EXERCISE —
Please write out all the entries exactly, without the pictures.

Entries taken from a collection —
________________

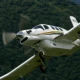 White single engine airplane with a gold stripe banking in the air above a forested hillside
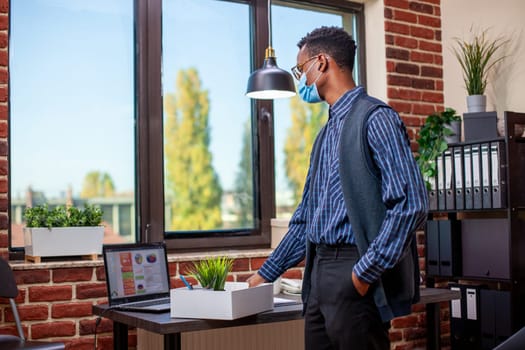 Business advisor wearing face mask stands at desk, arranging a box of work materials, including a plant pot. Black entrepreneur is reviewing important business project details and preparing to leave.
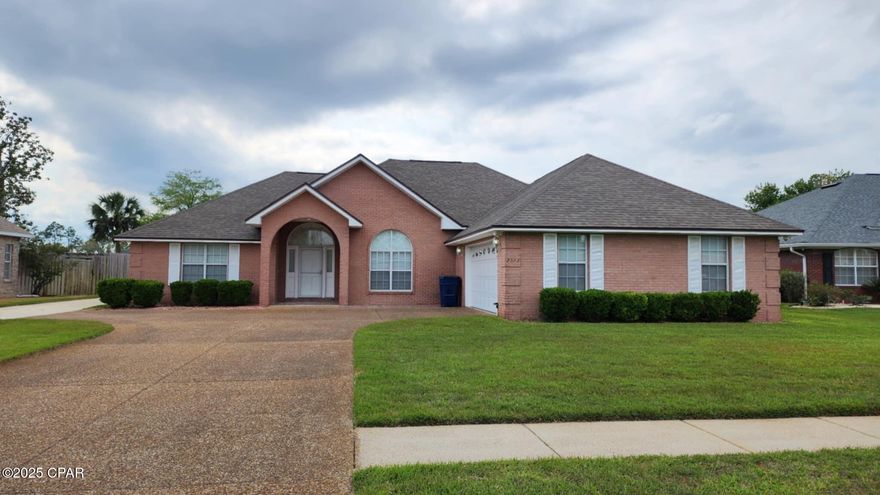 The Woods Subdivision is a highly desirable location in the heart of Panama City. Just two minutes to 23rd Street where you can reach restaurants, shopping, banks, doctors, etc., or Baldwin Road to Hwy 77 or Publix in Sweet Bay. This all-brick home has been very well maintained, and you'll love the newer (2015) full-sized garage out back with power outlets, lighting, work bench, and parking for two vehicles. The large backyard allows for the addition of a swimming pool but also has a covered porch to enjoy your morning coffee. As you walk through the front door, you'll enter the family room with beautiful brick fireplace, custom built-ins, plug-n-play surround sound, and a separate formal dining area. The large kitchen has abundant cabinets for storage, counter height bar for stools, a built-in desk, and a breakfast nook. Behind the kitchen is a generously sized laundry room, with cabinets and large counter, that leads out to the main oversized garage with more cabinets. The master suite is off from the kitchen and has a large sleeping area, a super-sized walk-in closet, and a beautiful bathroom with double vanities including make-up area, large jacuzzi tub, and separate shower. This split design offers two more bedrooms with large closets on the opposite side of the family room as well as a full-sized bathroom. Included in the sale are all kitchen appliances including refrigerator, front-load washer and dryer, 2'' horizontal blinds throughout (2022 & 2024), exterior glass doors (front & inside garage doors), electric fireplace/logs insert (2019), and newer roof with safety features that lower insurance premiums. Separate irrigation meter installed for lower water bills. Zoned HVAC with three thermostat controls for ultimate comfort and UV light for better air quality. Schedule your showing today.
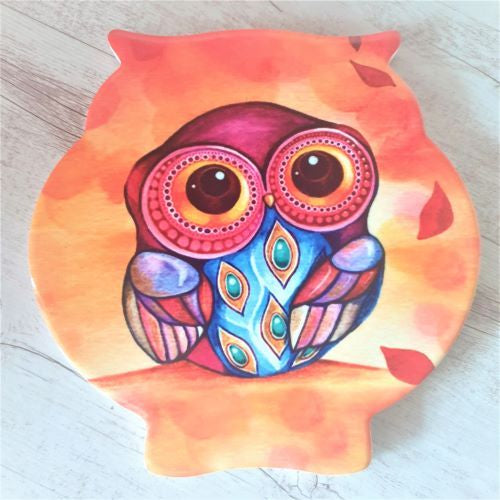 Our beautiful colourful owl is the perfect gift to brighten up any passionate owl lovers kitchen or table.  Quality ceramic | Owl shaped | Cork non slip backing | 16 x 16 cm | Glossy finish | Protect your bench tops from hot pots, use as a large coaster or display to brighten up kitchen.    This beautiful colourful owl design is also available in table coasters.  View our full range of gifts, we have something for everyone - Keychains & Gifts Australia.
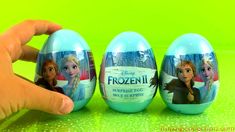 someone is holding an egg in front of three frozen princess eggs on a green surface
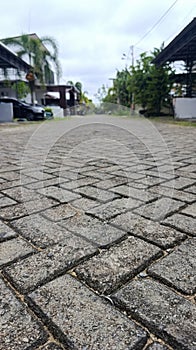 Herringbone pattern made from concrete paving blocks creating a textured urban surface.
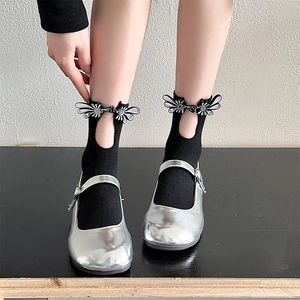 Detail of silver Mary Jane shoes with vintage buckle and black butterfly wing socks
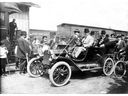 In this historic photo taken in 1911 at the large suitcase station in Windsor, Gordon McGregor, head of Ford Motor Canada, was placed behind the steering wheel of a lively new Ford model. Sitting next to him was WC Kennedy, then president of Windsor Gas Company. From 1896 to 1911, Canadian Prime Minister Sir Wilfred Laurier was directly in the rear seats. To his right is George P. Graham (George P.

________________

YOUR SOLUTION —
 White single engine airplane with a gold stripe banking in the air above a forested hillside
 Business advisor wearing face mask stands at desk, arranging a box of work materials, including a plant pot. Black entrepreneur is reviewing important business project details and preparing to leave.
 The Woods Subdivision is a highly desirable location in the heart of Panama City. Just two minutes to 23rd Street where you can reach restaurants, shopping, banks, doctors, etc., or Baldwin Road to Hwy 77 or Publix in Sweet Bay. This all-brick home has been very well maintained, and you'll love the newer (2015) full-sized garage out back with power outlets, lighting, work bench, and parking for two vehicles. The large backyard allows for the addition of a swimming pool but also has a covered porch to enjoy your morning coffee. As you walk through the front door, you'll enter the family room with beautiful brick fireplace, custom built-ins, plug-n-play surround sound, and a separate formal dining area. The large kitchen has abundant cabinets for storage, counter height bar for stools, a built-in desk, and a breakfast nook. Behind the kitchen is a generously sized laundry room, with cabinets and large counter, that leads out to the main oversized garage with more cabinets. The master suite is off from the kitchen and has a large sleeping area, a super-sized walk-in closet, and a beautiful bathroom with double vanities including make-up area, large jacuzzi tub, and separate shower. This split design offers two more bedrooms with large closets on the opposite side of the family room as well as a full-sized bathroom. Included in the sale are all kitchen appliances including refrigerator, front-load washer and dryer, 2'' horizontal blinds throughout (2022 & 2024), exterior glass doors (front & inside garage doors), electric fireplace/logs insert (2019), and newer roof with safety features that lower insurance premiums. Separate irrigation meter installed for lower water bills. Zoned HVAC with three thermostat controls for ultimate comfort and UV light for better air quality. Schedule your showing today.
 Our beautiful colourful owl is the perfect gift to brighten up any passionate owl lovers kitchen or table.  Quality ceramic | Owl shaped | Cork non slip backing | 16 x 16 cm | Glossy finish | Protect your bench tops from hot pots, use as a large coaster or display to brighten up kitchen.    This beautiful colourful owl design is also available in table coasters.  View our full range of gifts, we have something for everyone - Keychains & Gifts Australia.
 someone is holding an egg in front of three frozen princess eggs on a green surface
 Herringbone pattern made from concrete paving blocks creating a textured urban surface.
 Detail of silver Mary Jane shoes with vintage buckle and black butterfly wing socks
 In this historic photo taken in 1911 at the large suitcase station in Windsor, Gordon McGregor, head of Ford Motor Canada, was placed behind the steering wheel of a lively new Ford model. Sitting next to him was WC Kennedy, then president of Windsor Gas Company. From 1896 to 1911, Canadian Prime Minister Sir Wilfred Laurier was directly in the rear seats. To his right is George P. Graham (George P.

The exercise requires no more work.